UggggHHHHH!!! Are we losing our minds? Is there any hope left?

Still, on the other hand, it does seem a bit more cruisy whenever I go to the local Mall.

But maybe that's just me.

Where'd I put my Amex card?

And on a more serious note, American Express is the only Credit card company that charges the retailer both coming and going so to speak ie:
If you buy something at our store and use your American Express card we get charged 3.5 % and if you return the item you bought , we get charged another 3.5 %.Thereby costing us for the transaction. In other words if someone bought a $10,000.00 diamond necklace at Cartier
and then returned it and they used an Amex card, Amex would make $1300.00 on the entire transaction and Cartier would be charged $1300.00. Maybe we should start our own credit card company.
S'tan, please, the East Village 'art scene' was not about cashing in on the money? Let's not idealize it tooooooo much. Sorry to cast aspersions on many of your past and current aquaintances, but the EV 'art scene' was just the same catagory of ladder climbers Soho was ALL about. It's just that the EV 'scene' was the only space available on account of that olde arte world staple, exclusivity. Mark Kostabi is really the epitome of the East Village 'art scene' of the eighties. I'm not criticizing the level of creativity, that's not my point, nor was the performance art vying for corporate patronage, performance never does, and of course there was a nucleus of mercurial personalities. But the vast majority of that scene, especially including the gallerists, were all totally angling for the big money gallery careers. Gracie Mansion didn't paste macaroni on a grand piano thinking she was going to have to go without dinner. P.P.O.W., Pat Hearne, etc. didn't end up in Red Hook. They became totally establishment and trafficed in art in quotes. The art writers of the NY Times aren't cumming all over themselves fulfilling copy quota about the current show up at the New Museum because the artists of that scene were relegated to the welfare lines. But then, the New York City art world is the most arrogant, conceited, AND self-deluded of just about anywhere in the world. To paraphrase Tina Turner, "What's Creativity got to do with it?"
What artist would not like to make a living doing what they love to do? I don't understand your contempt for those who are able to. If it makes you feel better, I do not believe that most of those painters are rich at this moment, but even if they were, this would not make them a bunch of whores.
If they are now getting media attention and a place in history, that doesn't make them sell-outs.
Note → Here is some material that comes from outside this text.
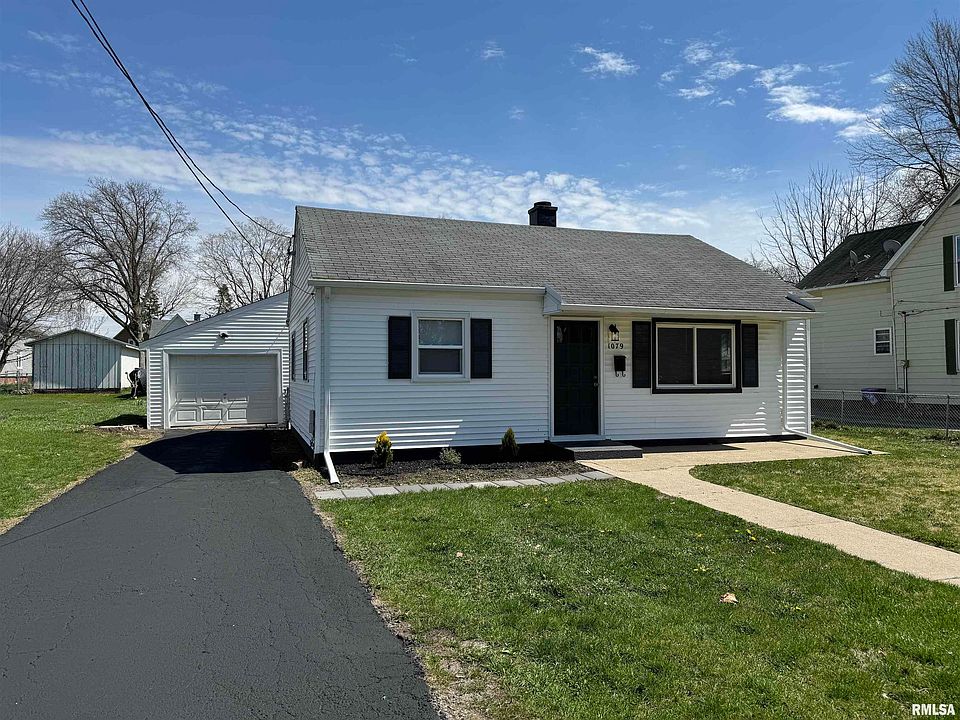 1st image of 1079 Huber Ave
The Soho art scene was crowded then, and getting way too blue-chip and over-valued. The fact that a number of people went out on a string, and with very few resources created galleries and thus a scene is what is important. That alternate realities can be created. You didn't have to kiss Mary Boone's petunia.
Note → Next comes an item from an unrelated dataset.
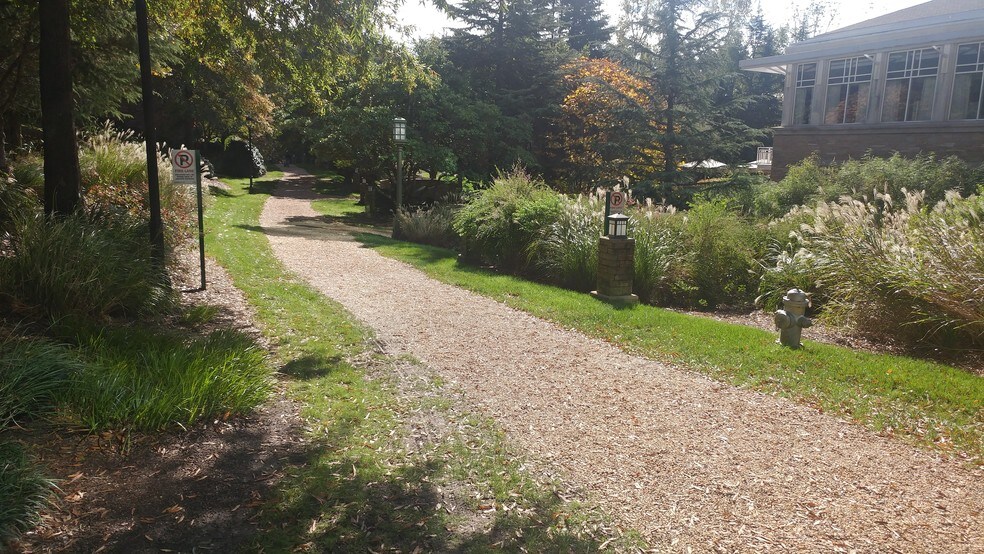 Green Space - 10 Perimeter Summit Blvd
You are falling prey to the same logic that says "ONLY MONEY" makes it worthwhile. You subscribe to its opposite: "ONLY NO MONEY" makes it worthwhile. That's not true either.
What makes it worthwhile and valuable is its spirit, whether anyone buys the artefacts therefrom, or not.
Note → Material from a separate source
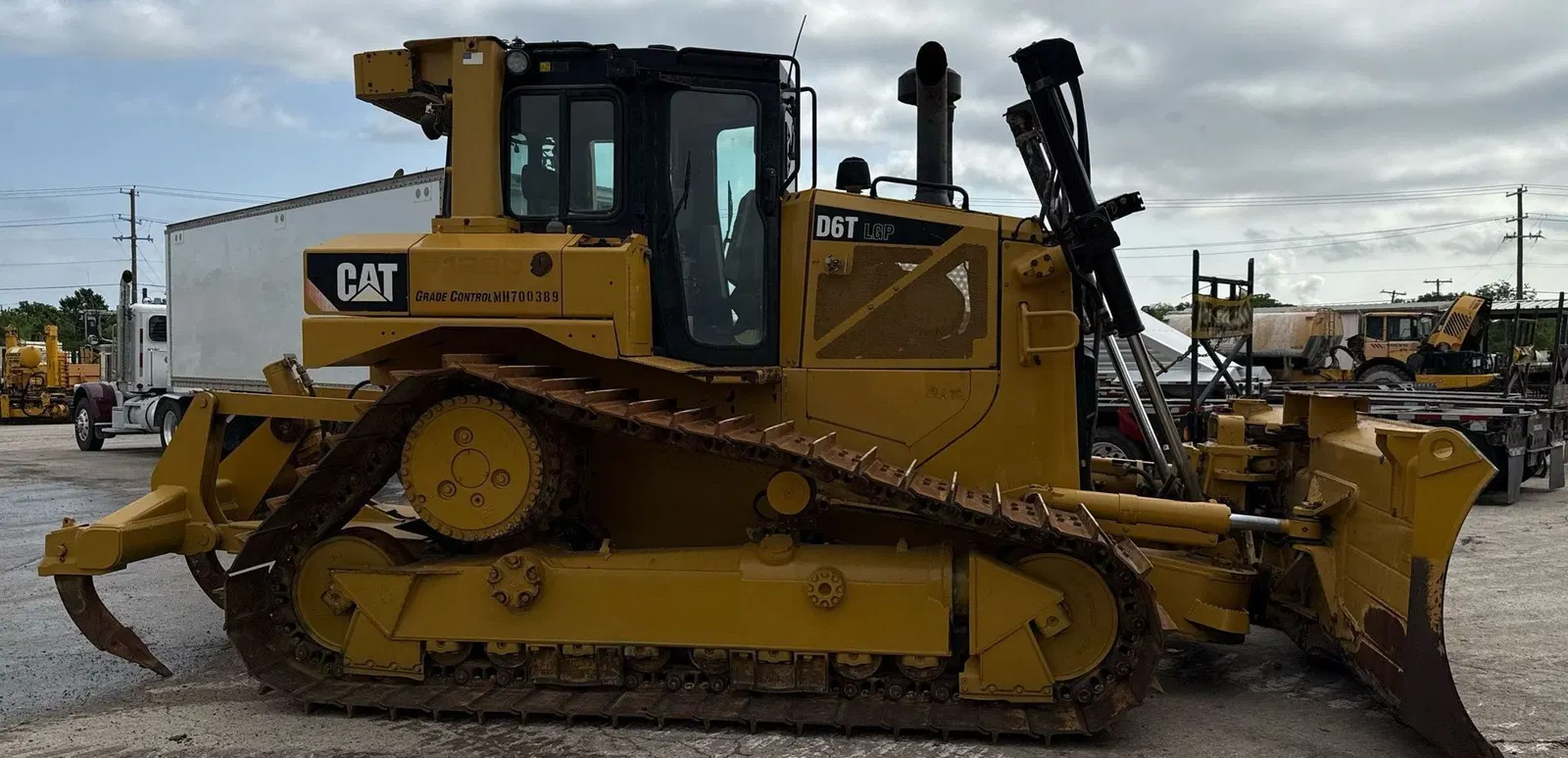 2017 Caterpillar D6T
In any event, the people who generally BUY paintings are not you and I. They are the wealthy. So neither can we have contempt for collectors. They support painters, who can choose or not to be purchased.

The point of the East Village scene was making one's own reality, not having to suck up to the entrenched powers that were. If Patti Astor made a killing off FUN Gallery I applaud her, because she believed in it and worked for it. But I doubt she is sitting on some throne built from the exploited bodies of poor artists.
Dearest S'tan, actually I am not in any trap at all.

If a person loves something creative that they do, or anything else, they don't have to make a living off it. That is not an idealization either, it is a fact of being alive.

And in the 'art world' making things rich collectors buy means you are making things that necessarily flatter the tastes and opinions of those collectors. That act has nothing to do with being a creative person, is the opposite of creative freedom -is actually a grotesque limitation on the infinite possibility of creation, and in fact is a form of self-censorship. The sad thing is the majority of artists have been taught self-censorship. And then the public has been taught that self-censoring artists are fabulous geniuses.

I have no contempt for any person or persons in themself. I do have loads of objections to the social and economic operations people fulfill in their places as pawns for the existing social and economic order.

"whore" is your word, not mine.

Media attention and a place in history do not make a person an artist. They make a person a social typification of an artist. A kind of costume. This is completely antithetical to being a creative person. And is just part of the forlorn and impovershed White Order's Zoo.

Spirit has no value, in part that is what makes it spirit.

My point is that the art scene in the East Village was not some utopia or self-righteous alternative to Soho. It may have had a little bit to do with controlling one's own career and livelihood, but that is something to be expected from anyone, artist or not. It can not be truthfully said that any of the artists looked at art as being pragmatic, nor did they look at society primarily in terms of change. It was not some beautiful temporary autonomous zone. It may have had a few real outsiders and contrarian individuals, but in the New York City art world being such a person rarely escapes being just another pose.

Did some wild art come out of the east village art scene of the 80's? Possibly.

But that scene did not exist apart from the same progressively death-oriented thoughts, feelings, ideas, and restrictive definitions of what being creative is, imposed by the dominant state of culture.
Oh Bobby you know I mean no monetary, or in that sense, earthly value.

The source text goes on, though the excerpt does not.